3.1. Patient Characteristics

Between 2014 and January 2018, 219 biologic-naïve patients were included in the cohort (89 with RA and 130 with SpA). Among these, the present study included 20 patients with RA and 23 patients with SpA that had undergone total body DXA and pQCTs. The main characteristics of these patients are presented in Table 1, and the corresponding pQCT and DXA results are presented in Table 2.
The patients were mainly women (75% of those with RA, 56.5% of those with SpA), with mean ages of 58.5 ± 14.2 years (RA) and 42.9 ± 14.2 years (SpA).

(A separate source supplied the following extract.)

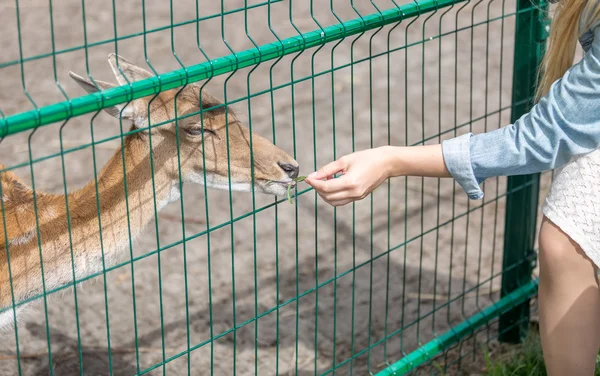 Primo piano di giovane donna che alimenta bella cerva carina nello zoo — Foto Stock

The median disease durations were 4.2 ± 6.4 years for RA and 4.9 ± 8.0 years for SpA. Axial SpA was reported in 52.1% of patients with SpA. The mean disease activities were DAS28: 4.09 ± 1.36, BASDAI: 49.7 ± 17.6, and ASDAS-CRP: 3.1 ± 0.7. Methotrexate had been taken by 80% of patients with RA and 74% of patients with SpA, and steroids had been taken by 50% of patients with RA and 5% of patients with SpA. Patients with RA had weaker handgrip strength, higher BMIs, and higher body fat percentages than patients with SpA.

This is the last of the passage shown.